SEC Brings Regulation FD Enforcement Action

John F. Savarese and Wayne M. Carlin are partners at Wachtell, Lipton, Rosen & Katz. This post is based on their Wachtell memorandum.

On Friday, the SEC brought an enforcement action charging a public company and three of its investor relations personnel with violations of Regulation FD, alleging that the company’s IR personnel had fed non-public information to sell-side research analysts in order to bring their consensus revenue views more into line with the company’s own internal estimates. The defendants are all contesting the charges, and the case will be litigated in federal court. While some commentators may see this as an instance of the SEC pushing the Regulation FD envelope, our view is this: if the SEC is ultimately able to substantiate its allegations at trial, the case will fall within what is generally understood to be the proper scope of Regulation FD. We explain below the reasons for this view.

The SEC complaint alleges that the individual defendants communicated material non-public information concerning expected declines in smartphone sales in the first quarter of 2016. The decline in revenue was tied to a drop in the rate at which consumers chose to upgrade their phones.

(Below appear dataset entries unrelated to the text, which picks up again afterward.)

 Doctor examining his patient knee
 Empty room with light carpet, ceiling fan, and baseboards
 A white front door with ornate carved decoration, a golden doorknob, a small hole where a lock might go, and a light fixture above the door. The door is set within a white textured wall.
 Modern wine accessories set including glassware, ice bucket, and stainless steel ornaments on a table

According to the SEC, the company expected that this development would cause its Q1 2016 revenue to fall short of Wall Street analysts’ expectations. While the company had generally disclosed a decline in smartphone sales in the prior quarter and publicly predicted a continuation of that trend, the company never publicly quantified the expected magnitude of the phenomenon in Q1 2016. The SEC alleges that, in response to this apparent disconnect between the company’s internal estimates and the Wall Street consensus, the company carried out a plan to “walk the analysts down.” According to the complaint, the investor relations personnel contacted 20 sell-side analysts and in one-on-one conversations conveyed non-public information, including that the company expected a historically low smartphone upgrade rate of 5% or less in Q1 2016. The analysts then lowered their revenue estimates.

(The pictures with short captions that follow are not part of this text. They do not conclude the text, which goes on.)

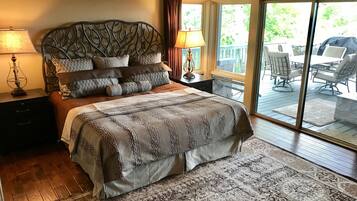 A bedroom with a large bed, a nightstand, a lamp, and a view of an outdoor patio with chairs and a table.
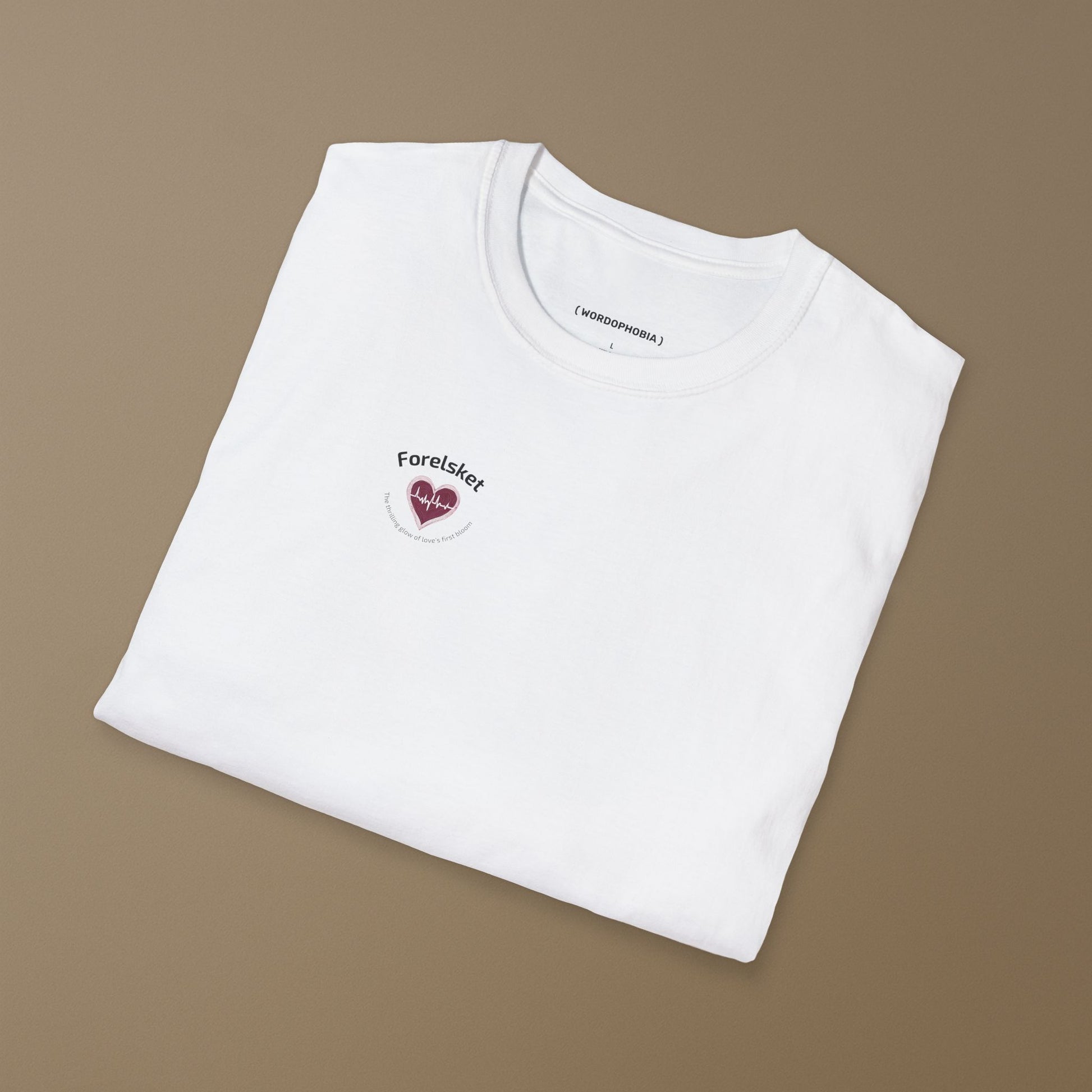 White t-shirt with a small design of a heart with a beat and texts  "Forelsket" and "The thrilling glow of love's first bloom" on a brown background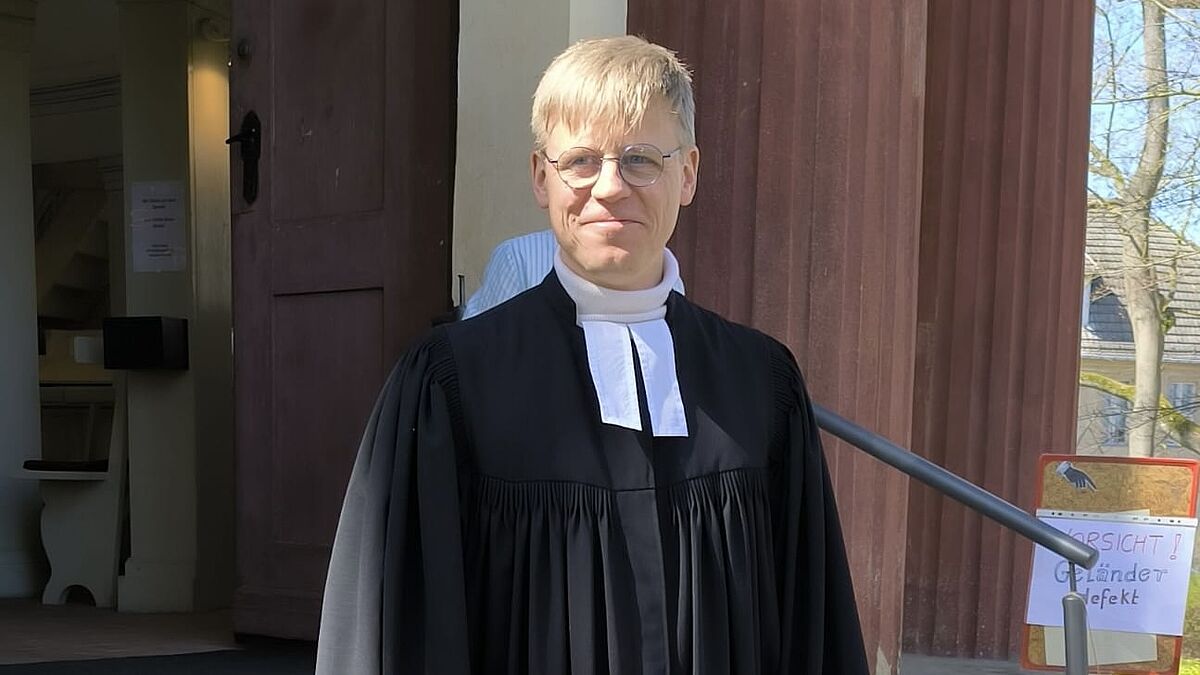 Pastor Nicolas Winkler in Talar vor einer Kirche.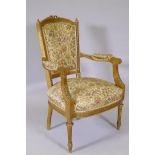 An antique French giltwood open armchair, the shaped back with carved and pierced detail, raised
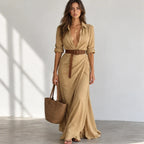 A woman models a tan maxi shirt dress with a deep V-neckline, rolled sleeves, and a matching brown belt. She is holding a woven straw tote bag and standing in a bright, minimalist room with soft window shadows.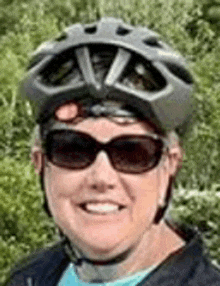 a woman is wearing a helmet and sunglasses and smiling .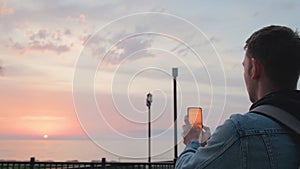 Man traveler photographing sea sunset using camera on his mobile phone. Caucasian guy taking photo on smartphone while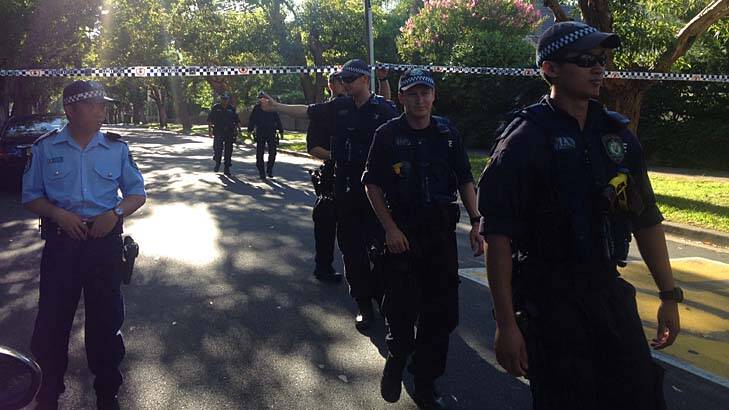 Riot Squad police conduct a line search up Jersey Road, Strathfield. Photo: Emma Partridge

The SEC’s complaint and the statement issued by the company in response illustrate some of the risks that arise when public companies communicate with analysts:

  • Even when there has been disclosure of a general trend, specific quantification of the impact of that trend in a given reporting period, when analysts have underestimated that quantification, can be material.
  • While the participants in the conversations asserted they did not believe that material information was transmitted, materiality is legally defined as information that a reasonable investor would want to know before deciding to buy or sell a company’s securities.
  • Regulation FD investigations always include a comprehensive search for contemporaneous records of the substance of conversations. Such evidence is viewed by the SEC as highly probative of both what was communicated and whether the information was viewed as material at the time. Here, the SEC’s complaint quotes emails allegedly sent by the analysts to colleagues and clients recounting what they were told.
  • It is an appropriate technique, widely employed and compliant with Regulation FD, to point analysts to publicly available information as a way of encouraging them to reconsider whether their own assumptions are erroneous. Here, the complaint alleges that one of the investor relations personnel falsely told some analysts that the consensus expectation among analysts at the time was a 5% upgrade rate.

As noted above, the SEC’s allegations here will be tested through the litigation process. At this stage, reviewing only the allegations in the SEC’s complaint, this case appears to reinforce some familiar lessons under Regulation FD: efforts undertaken expressly to “walk down” analysts will draw regulatory suspicion; materiality is judged on an objective standard; specific quantifications of the expected impact of a publicly disclosed trend will be viewed by regulators as providing information distinct from the general trend disclosure; contemporaneous evidence of communications with analysts and their reactions to those communications is critically important; referring analysts to accurate information that is genuinely publicly available as part of a good-faith effort to invite analysts to revisit their assumptions and estimates does not violate Regulation FD; and seeking expert advice about how best to address a perceived disconnect between a company’s internal estimates and Wall Street analysts’ views can help to avoid potential regulatory scrutiny.